Forwarders and carriers can seldom slow down to check shipment weights because of the nature of air shipping. Persons responsible usually do not re-weigh and re-dim shipments.

And because of the added dimension of dimensional weight - a pound of bricks may weigh the same as a pound of feathers, as the old joke goes, but they still would not fit into the same box - checking the weight of each shipment may be more complicated than running it over a scale if a station does not have the latest equipment.

According to allegations, the problem has assumed epidemic proportion in Bangladesh, where employees of different parties involved have established an "understanding" with shippers to earn extra money. There is no doubt that the calculations are deliberately done to earn share of the profit by the shippers at the cost of revenue of the airline concern and safety of the aircraft.

At Zia International Airport (ZIA) the intentional weight cut is rampant, some people involved with the trade said and added that the persons responsible for preparing Trim Sheet are themselves involved in the racket and regularly producing incorrect trim sheet. They are being aided by lack of adequate facilities. The scales available for cargo shipment are not enough and more often remain defective. Due to faulty calibration, scales meant for weighing pallets display different weight of same parcel if measured more than once, a senior officer of a foreign airline said.

The temptation to gain enormous benefit is so high that persons involved in weight cut do not even ready to consider the question accident risk. Some times back, a large cargo agent in Bangladesh chartered an aircraft and provided the cockpit crew with thoroughly incorrect trim sheet. The weight cut was so huge that the pilot realised the problem after taking-off. He had no alternative but to come back after taking-off and made the agent re-load the aircraft.

The wide-spread practice of weight cut at ZIA is posing serious threat to the safety of aircraft. On many occasions persons were caught for weight cut but all of them were set free, even without warning, it is alleged.

However, concerned authority of Biman Bangladesh Airlines strongly refuted the allegations of weight theft of cargo at ZIA. According to him, during the year between July 2002 and June 2003 little over 88,000 tons of air cargo has been shipped through ZIA. Biman carriered about 28,200 tons, 17 foreign carriers about 48,800 tons and freighters about 11,400 tons. Of the total, 23,000 tons were perishable cargos and rest were dry. Almost all the perishable cargo was lifted by Biman.

Biman maintained that possibility of weight theft of dry cargo is nil as these are charged on volumetric basis. For example shippers are to pay for 650 kg for a shipment of 500 kg dry cargo. The perishable cargo goes through different stages and handled by different persons. Re-weighing is also done on more than one occasion.

However, insiders of cargo trade who are for growth of healthy trade do not subscribe to Biman's view.
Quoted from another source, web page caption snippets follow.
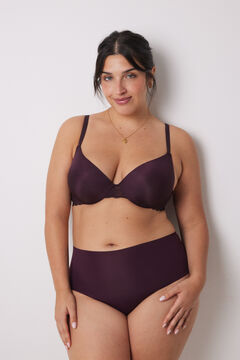 Womensecret Panty alto microfibra burdeos morado/lila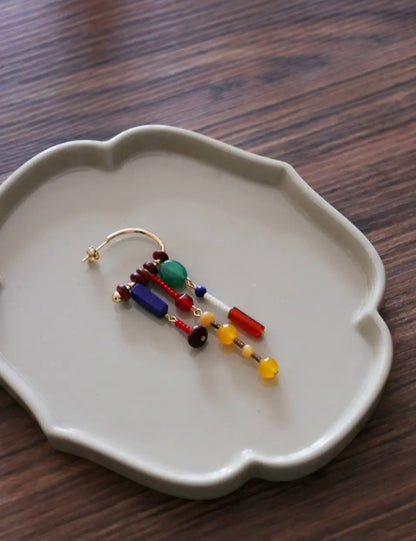 Chinoiserie Qingchuan Pavilion Tassel Earrings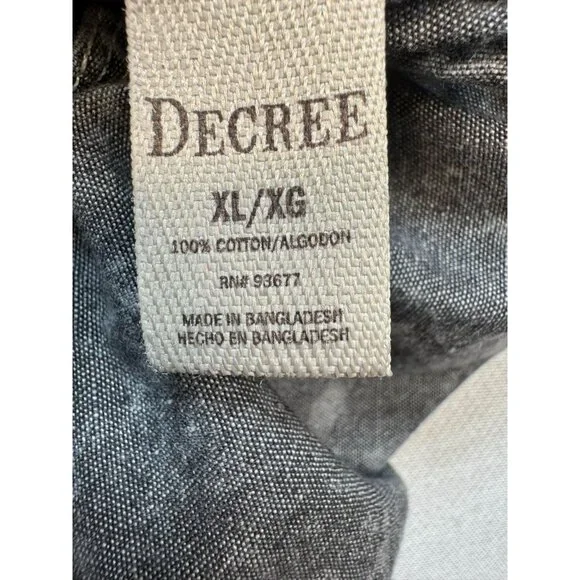 Decree Mens Acid Wash Denim Button-Up Shirt XL Gray - Picture 3 of 10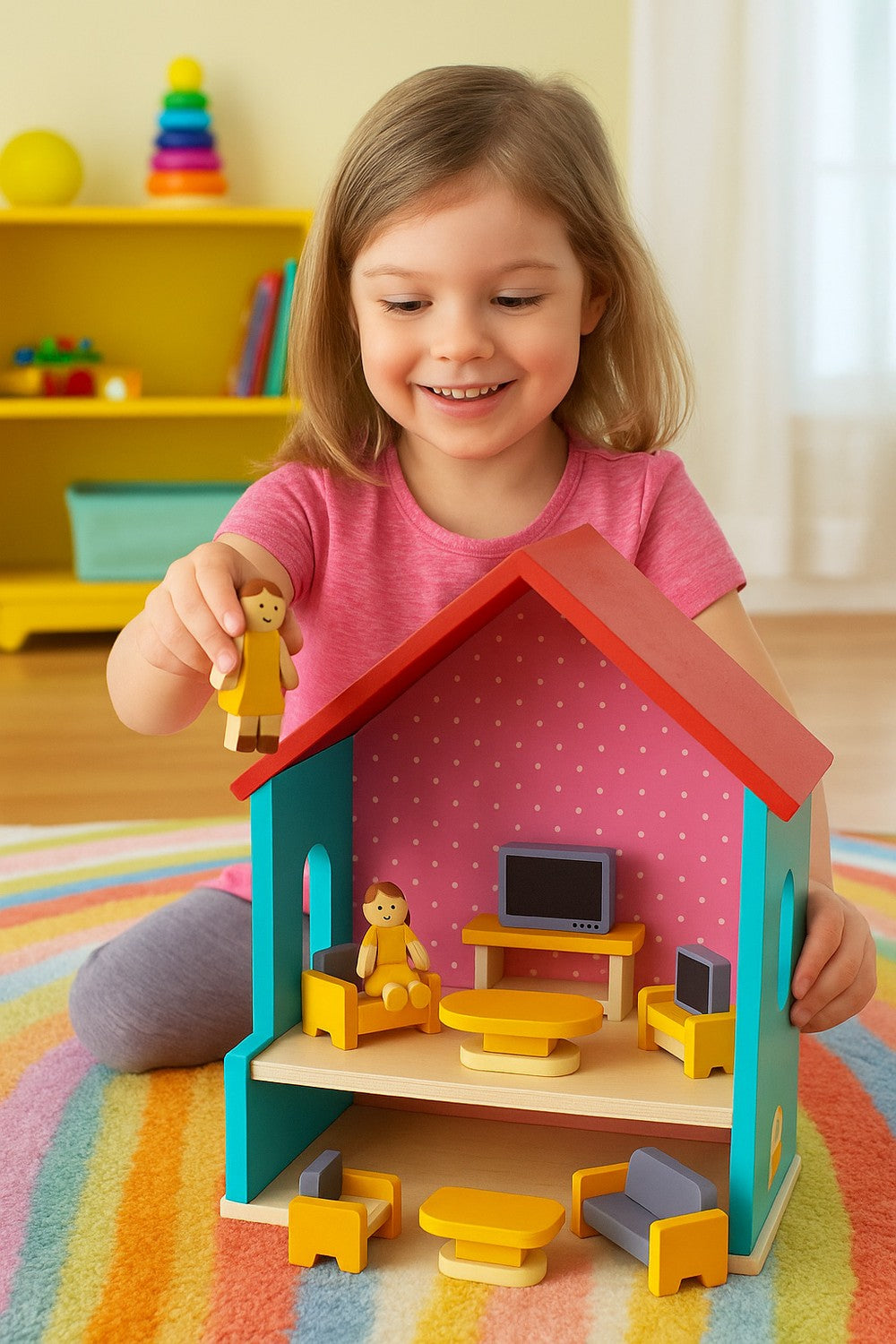 Wooden Dollhouse Furniture Set, 30 Pieces for Kids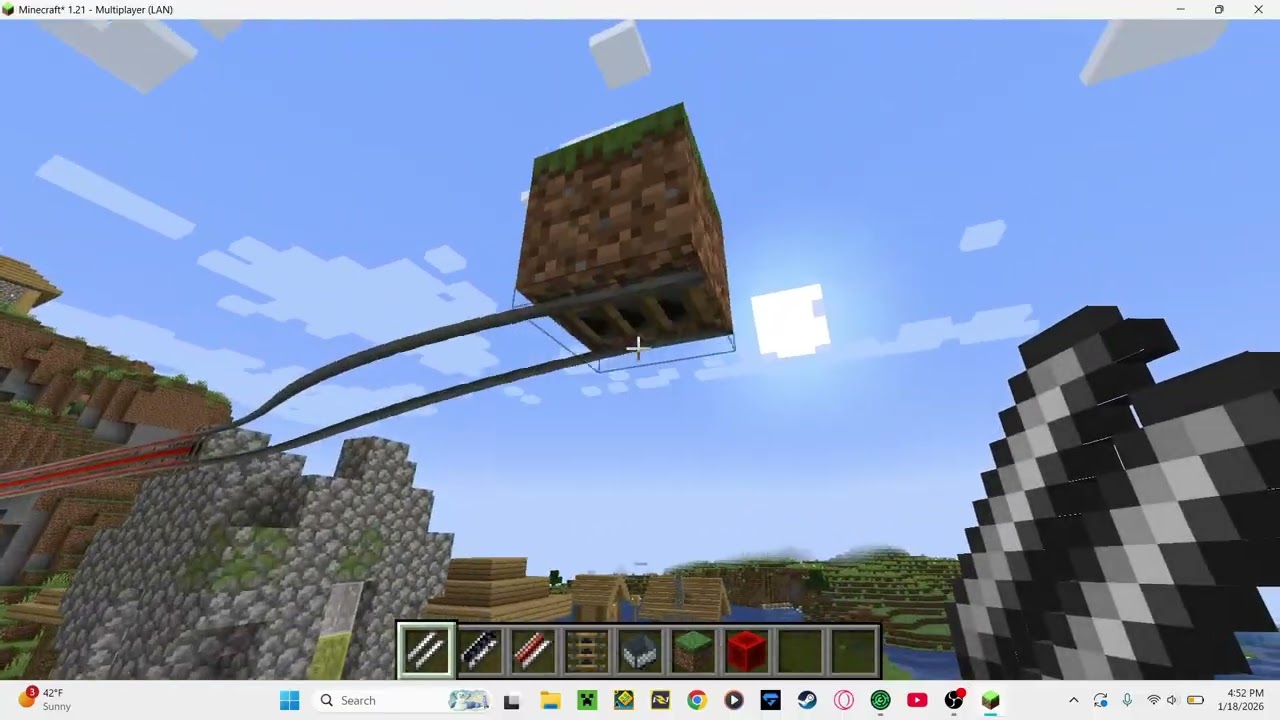 Testing the Roller-coaster mod in Minecraft!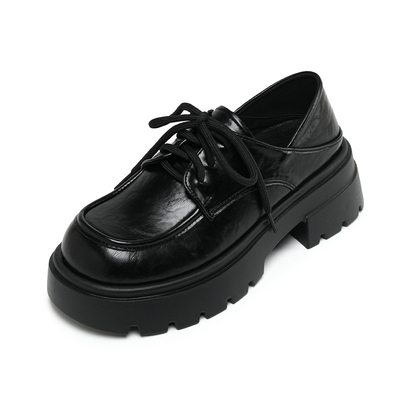 【现货秒发】厚底乐福小皮鞋女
They alleged that corruption in the sector is so widespread and going it for so long that it has become part of the system. It is rather impossible to improve the situation without drastic measure.

The industry executives say, the introduction of strategic and technical advances made in shipping goods by air are likely to bring welcome change and solve the current problems on the ground.

In the near future, the entire system is expected to be electronic and paperless. The shipper, airline, trucker and forwarder are all involved in this process. The sooner it comes, the better for the industry.

Otherwise, if people out there are regular violators, they have to realize that if they want their freight to move, they must give accurate information or it will just sit on the dock.